A local-use address is a unicast address that has only local routability scope. A local-use address can only be used within the subnet or within a subscriber network. These addresses are intended for use inside of a site for plug and play local communication. These addresses are also used for bootstrap operations for the use of global addresses.

The two types of local-use unicast addresses are link-local and site-local. The Link-Local-Use is for use on a single link. The Site-Local-Use is for use on a single site. The following table shows the Link-Local-Use address format.

Table 1–3 Link-Local-Use Addresses Format

10 bits 

54 bits 

64 bits 


Interface ID 

Link-Local-Use addresses are used for addressing on a single link for purposes such as auto-address configuration.

The following table shows the Site-Local-Use address format.

Table 1–4 Site-Local-Use Addresses

10 bits 

38 bits 

16 bits 

64 bits 


Subnet ID 

Interface ID 

For both types of local-use addresses, the Interface ID is an identifier that must be unique in its domain. In most instances, the identifier uses a node's IEEE-802 48–bit address. The Subnet ID identifies a specific subnet in a site. The Subnet ID and the interface ID form a local-use address. Consequently, a large private internet can be constructed without any other address allocation.

Organizations that are not yet connected to the global Internet can use local-use addresses.
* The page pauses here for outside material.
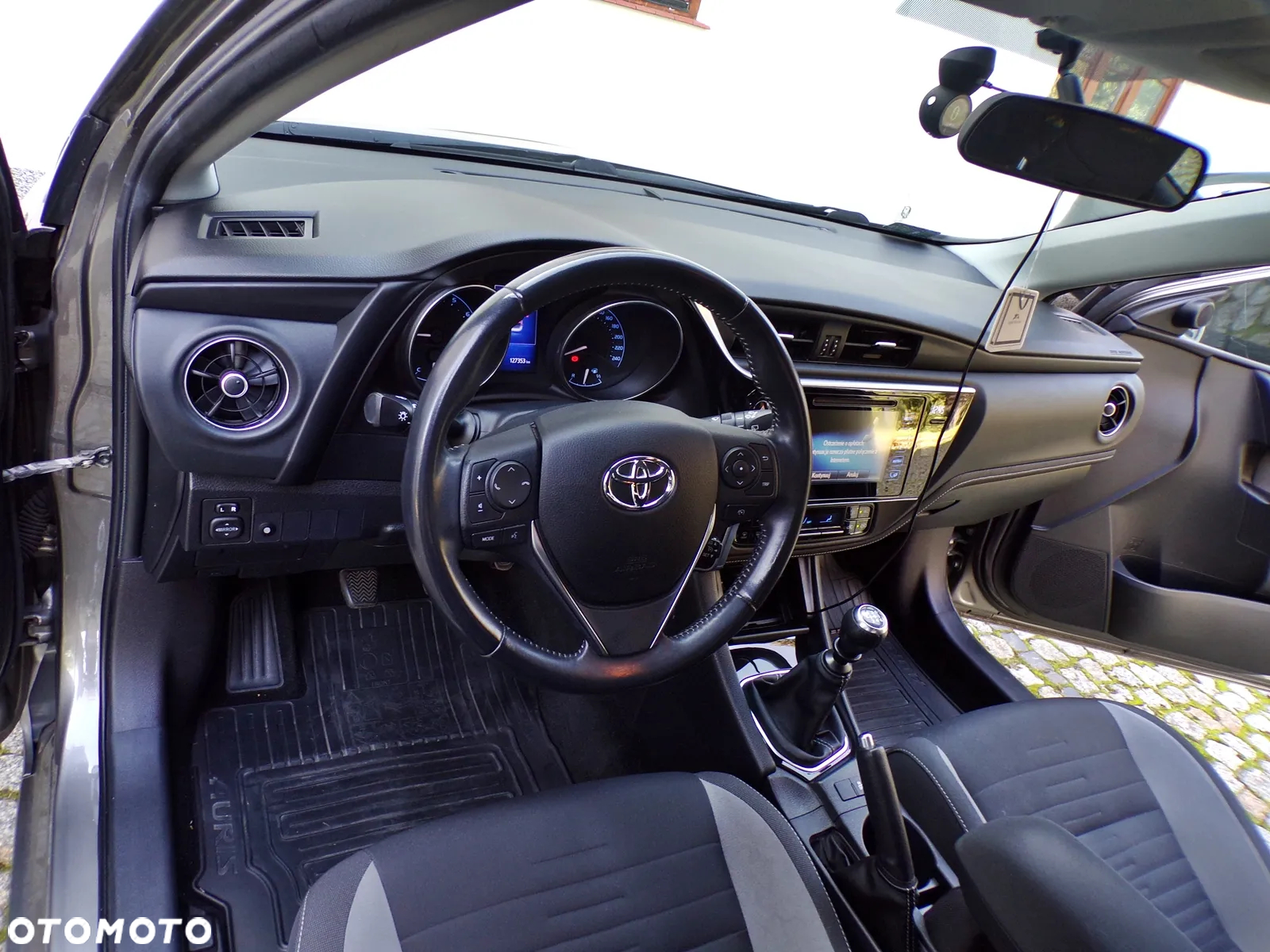 Toyota Auris 1.6 Comfort - 14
Local-use addresses enable organizations to operate without the need to request an address prefix from the global Internet address space. If the organization later connects to the Internet, the Subnet ID, Interface ID, and a global prefix can be used to create a global address. For example, the organization can use the Registry ID, Provider ID, and the Subscriber ID to create a global address. This enhancement is a significant improvement over IPv4. IPv4 requires sites that use private (non-global) IPv4 addresses to manually renumber when sites connect to the Internet. IPv6 automatically does the renumbering.